A Joaquín y Edurne, a los que invité a leerlo y, como buenos alumnos, ya lo conocen mejor que yo.
Un 12 de julio de 1817, hace justamente dos siglos, nació en Concord, Massachussets, un individuo extraordinario, Henry David Thoreau (1817-1862). Como cualquiera de nosotros, fue un poliedro de numerosas caras: agrimensor, fabricante de lápices, poeta, escritor, filósofo, maestro de escuela, defensor de la libertad, naturalista, viajero, conferenciante… ¿Hay algún denominador común en todas estas y otras caras? La pasión y la integridad con la que se entrega y sirve a cada una de ellas. Pero quizá las dos razones principales por las que se le sigue recordando con respeto y admiración varios siglos después es porque se considera precursor de la desobediencia civil y de la ecología moderna.

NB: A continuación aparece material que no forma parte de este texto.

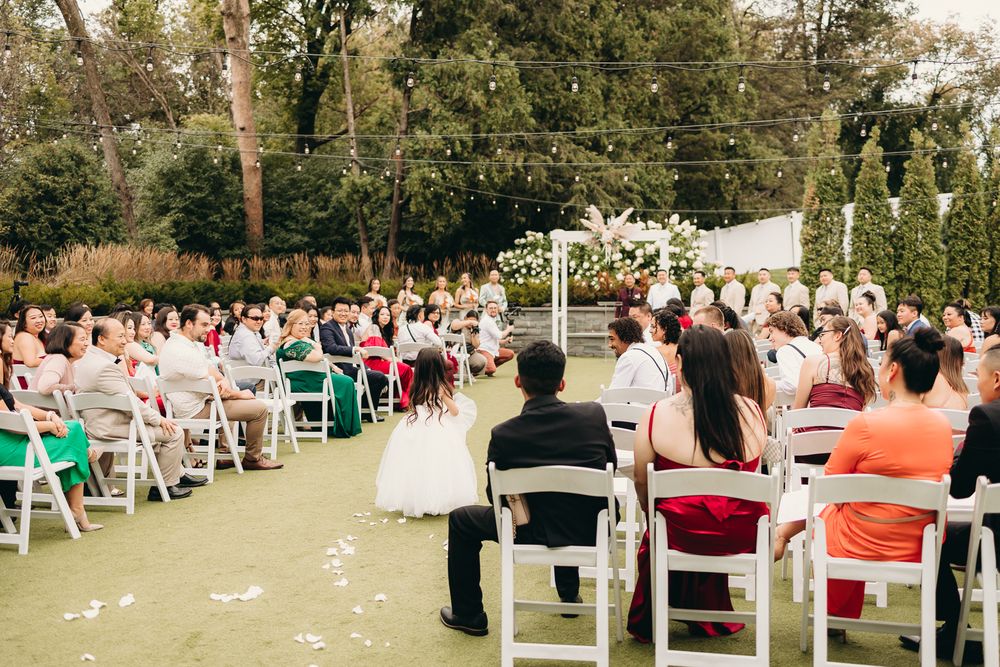 flower girl walking down the aisle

Su obra más célebre, Walden o la vida en los bosques, describe con poesía y sabiduría sus vivencias entre el 4 de julio de 1845 y el 6 de septiembre de 1847, el tiempo que Thoreau pasó en una cabaña, construida por él mismo, a orillas del lago Walden. ¿Se puede ser filósofo sin el deseo de transformar la propia vida? Según Thoreau, ser filósofo significa “amar la sabiduría hasta el punto de vivir conforme a sus dictados una vida sencilla, independiente, magnánima y confiada. Estriba en resolver algunos de los problemas de la vida, no sólo desde el punto de vista teórico, sino también práctico”.

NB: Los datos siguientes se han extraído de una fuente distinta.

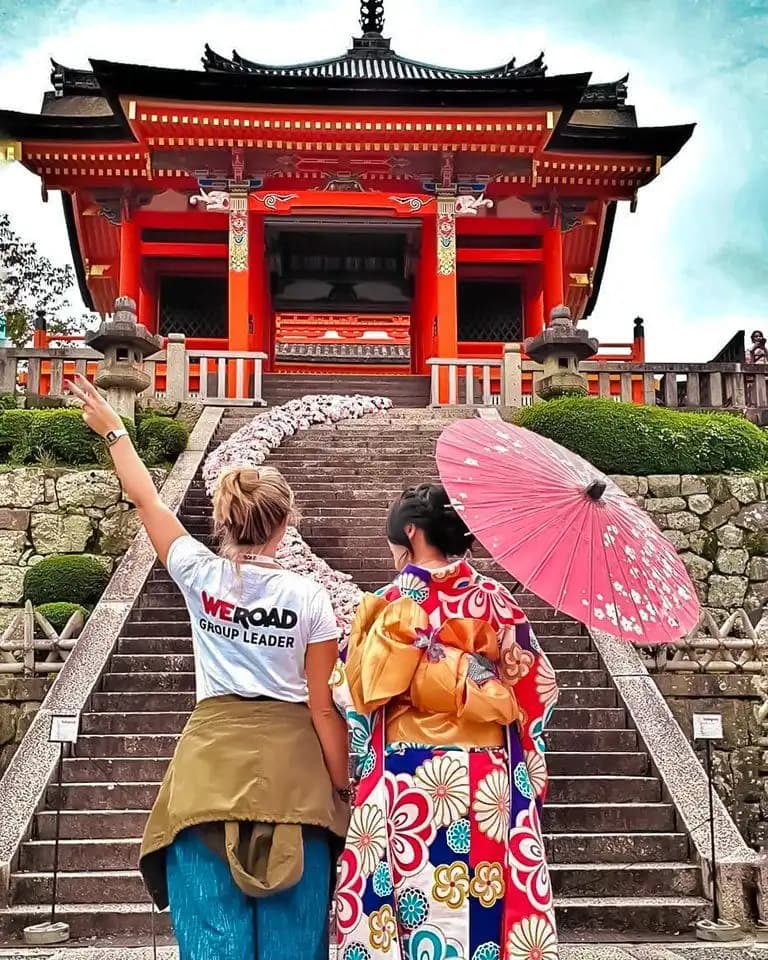 Eine WeRoad-Gruppenreise: zwei Personen vor einem verzierten roten Tempel, eine im Blumen-Kimono mit rosa Schirm.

Lo que relata en esta obra imperecedera es fruto de una experiencia, una experiencia que nace, quizá de manera inconsciente, de la pregunta socrática: ¿Cómo debemos vivir? ¿Cuál es el estilo de vida más adecuado? “Fui a los bosques porque quería vivir con un propósito; para hacer frente sólo a los hechos esenciales de la vida, para ver si era capaz de aprender lo que aquélla tuviera por enseñar, y por no descubrir, cuando llegare mi hora, que no había siquiera vivido. No deseaba vivir lo que no es vida (…) Quería vivir profundamente y extraer de ello toda la médula; de modo tan duro y espartano que eliminara todo lo espurio, haciendo limpieza drástica de lo marginal y reduciendo la vida a su mínima expresión; y si ésta se revelare mezquina, obtener toda su genuina mezquindad y dársela a conocer al mundo; pero, si fuera sublime, conocerla por propia experiencia y ofrecer un verdadero recuento de ella”.
Ahora bien, su visión de la ecología es filosófica, pues sitúa la naturaleza en la raíz de la vida. Y además es filosófica en su visión integral: como si arrojara una piedra al agua y de ella surgieran círculos concéntricos en derredor, junto a su visión de la naturaleza late una teoría antropológica y ética que es al mismo tiempo económica y política. El amor por la naturaleza lo aprendió de Virgilio (70-19 a. C.), Goethe (1749-1832), Emerson (1803-1882), Darwin (1809-1882) y Alexander von Humboldt (1769-1859). Su mensaje está vinculado con el retorno a las leyes de la naturaleza. Es un mensaje de procedencia estoica, puesto que los cultivadores de esta escuela filosófica identifican la racionalidad con la naturaleza: actuar racionalmente es actuar de acuerdo con la naturaleza.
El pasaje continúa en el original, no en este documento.